Monday, January 24, 2011

Garlic Butter.

You might not think that you do, but you probably do some historical cookery from time to time. Take garlic butter for example. Garlic butter = garlic + butter, Yes? The recipe has remained unchanged for at least a couple of hundred years. Hasn’t it?

Beurre d’Ail was mentioned by the famous French chef Antoine Beauvilliers, in Le Cuisinier Royal (1814). In the English translation of 1837, the recipe read:

Garlic Butter - Sauce au Beurre d’Ail.
Take two large heads of garlic; beat them with the size of an egg of butter; when well beaten rub it through a double hair search [searce or sieve] with a wooden spoon; gather it, and use, either with velouté or with reduced Espagnole.

Popular stereotyping has it that the English have (or used to have) a notorious disgust for the French appetite for garlic, while at the same time being somewhat in jealous awe of their culinary reputation and skills. How would a nineteenth century foodie-cook cope with the paradox of wanting to cook like the French, but without so much garlic?

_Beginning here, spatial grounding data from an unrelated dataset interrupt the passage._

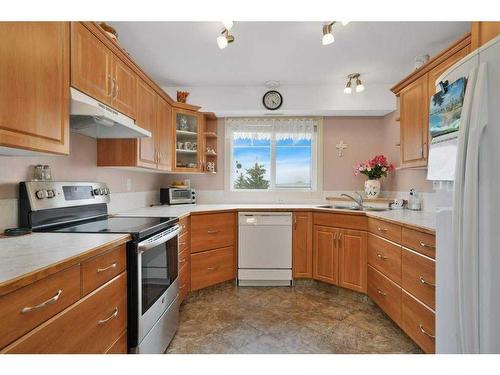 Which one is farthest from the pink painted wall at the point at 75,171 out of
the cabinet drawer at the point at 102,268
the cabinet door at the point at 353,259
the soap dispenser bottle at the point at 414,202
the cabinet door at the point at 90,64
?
the soap dispenser bottle at the point at 414,202

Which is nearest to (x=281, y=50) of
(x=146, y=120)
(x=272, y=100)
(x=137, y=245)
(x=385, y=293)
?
(x=272, y=100)

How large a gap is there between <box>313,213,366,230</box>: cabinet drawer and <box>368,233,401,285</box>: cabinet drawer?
0.15 metres

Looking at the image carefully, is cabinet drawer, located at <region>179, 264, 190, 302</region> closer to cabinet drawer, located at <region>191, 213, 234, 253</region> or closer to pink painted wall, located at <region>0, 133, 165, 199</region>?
cabinet drawer, located at <region>191, 213, 234, 253</region>

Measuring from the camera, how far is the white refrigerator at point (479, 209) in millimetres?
860

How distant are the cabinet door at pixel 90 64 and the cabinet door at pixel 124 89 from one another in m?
0.07

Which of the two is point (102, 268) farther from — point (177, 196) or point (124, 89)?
point (177, 196)

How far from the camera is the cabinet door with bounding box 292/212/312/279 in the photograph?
10.0 feet

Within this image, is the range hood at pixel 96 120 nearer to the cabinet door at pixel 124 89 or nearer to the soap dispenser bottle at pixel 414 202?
the cabinet door at pixel 124 89

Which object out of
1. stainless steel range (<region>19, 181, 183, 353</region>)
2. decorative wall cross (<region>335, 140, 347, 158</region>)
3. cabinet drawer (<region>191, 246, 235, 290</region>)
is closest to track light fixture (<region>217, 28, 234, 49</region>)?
stainless steel range (<region>19, 181, 183, 353</region>)

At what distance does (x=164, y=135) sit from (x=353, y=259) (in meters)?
2.38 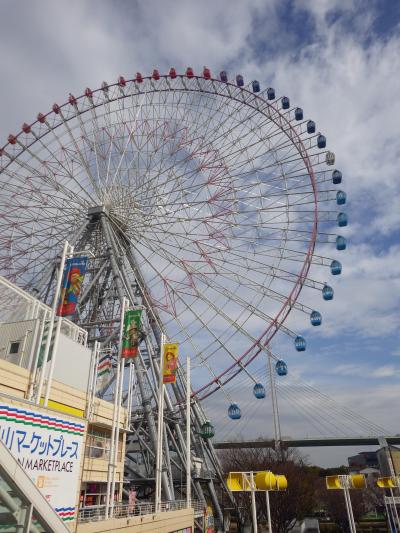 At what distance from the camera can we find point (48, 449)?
901 centimetres

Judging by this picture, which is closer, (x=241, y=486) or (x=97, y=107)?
(x=241, y=486)

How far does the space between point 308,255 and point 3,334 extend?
67.6 feet

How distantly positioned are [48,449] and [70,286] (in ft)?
33.2

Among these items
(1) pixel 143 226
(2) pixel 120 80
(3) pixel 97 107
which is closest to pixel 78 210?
(1) pixel 143 226

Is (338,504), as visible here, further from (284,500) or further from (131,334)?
(131,334)

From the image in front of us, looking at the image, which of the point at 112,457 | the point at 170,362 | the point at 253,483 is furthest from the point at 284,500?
the point at 112,457

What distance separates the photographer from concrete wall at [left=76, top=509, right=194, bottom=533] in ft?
41.5

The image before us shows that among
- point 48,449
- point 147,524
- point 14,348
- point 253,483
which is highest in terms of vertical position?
point 14,348

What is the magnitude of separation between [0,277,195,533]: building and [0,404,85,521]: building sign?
0.02 meters

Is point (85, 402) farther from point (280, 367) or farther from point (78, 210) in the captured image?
point (78, 210)

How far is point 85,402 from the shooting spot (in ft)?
74.9

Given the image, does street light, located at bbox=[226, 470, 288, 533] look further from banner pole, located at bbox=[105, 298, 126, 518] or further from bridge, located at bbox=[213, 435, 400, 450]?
bridge, located at bbox=[213, 435, 400, 450]

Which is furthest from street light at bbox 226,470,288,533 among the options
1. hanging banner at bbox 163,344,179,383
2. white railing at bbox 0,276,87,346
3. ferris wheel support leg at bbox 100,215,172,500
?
white railing at bbox 0,276,87,346

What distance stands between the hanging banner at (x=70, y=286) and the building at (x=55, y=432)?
0.74m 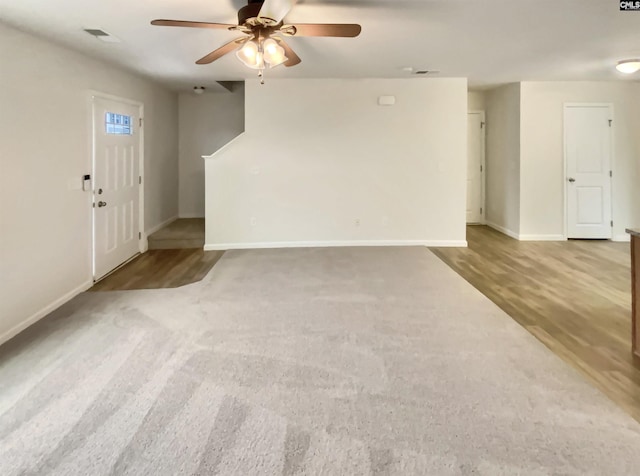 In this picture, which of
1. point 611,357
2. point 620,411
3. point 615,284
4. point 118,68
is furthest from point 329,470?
point 118,68

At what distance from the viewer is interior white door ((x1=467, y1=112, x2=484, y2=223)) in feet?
26.8

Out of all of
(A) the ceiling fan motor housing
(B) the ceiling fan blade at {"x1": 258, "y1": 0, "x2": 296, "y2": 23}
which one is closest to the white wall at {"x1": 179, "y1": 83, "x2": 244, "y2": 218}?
→ (A) the ceiling fan motor housing

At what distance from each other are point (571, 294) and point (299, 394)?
10.1ft

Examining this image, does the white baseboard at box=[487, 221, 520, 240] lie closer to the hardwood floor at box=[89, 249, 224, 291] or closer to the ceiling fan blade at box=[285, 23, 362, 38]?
the hardwood floor at box=[89, 249, 224, 291]

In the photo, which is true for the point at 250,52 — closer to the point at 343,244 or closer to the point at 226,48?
the point at 226,48

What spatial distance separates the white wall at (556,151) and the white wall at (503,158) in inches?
5.7

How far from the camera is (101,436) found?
195 centimetres

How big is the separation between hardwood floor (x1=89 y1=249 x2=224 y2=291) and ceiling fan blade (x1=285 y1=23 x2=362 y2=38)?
9.26 ft

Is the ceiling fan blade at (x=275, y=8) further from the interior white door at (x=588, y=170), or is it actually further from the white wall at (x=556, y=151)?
the interior white door at (x=588, y=170)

In French domestic cookery, by an English physician (1825), the recipe asks for two large cloves instead of two large heads of garlic to the egg-sized nut of butter. I really don’t know if this is an error of translation, or was an intentional adaptation to suit English readers – do you?

Beurre d’Ail (Garlic Butter)
Take two large cloves of garlic, pound them in a mortar, and reduce them to a paste, by mixing with a bit of butter about the size of an egg. This garlic butter may be put into any sauces you think proper. Those who like the taste of garlic, season their roast or broiled meats with it.

However good and simple a basic recipe might be (and you cant get much better and simpler than garlic + butter), there is that irresistible human urge to fiddle, isn’t there?

In Charles Ranhofer’s The Epicurean (New York, 1893), an even greater reduction in the pungency of the garlic is effected by a previous blanching, this then being offset to some extent by the heat of the red pepper.

Garlic Butter (Beurre d’Ail)
Blanch one ounce of garlic in plenty of water, drain and pound it well, adding half a pound of butter and seasoning with salt and red pepper.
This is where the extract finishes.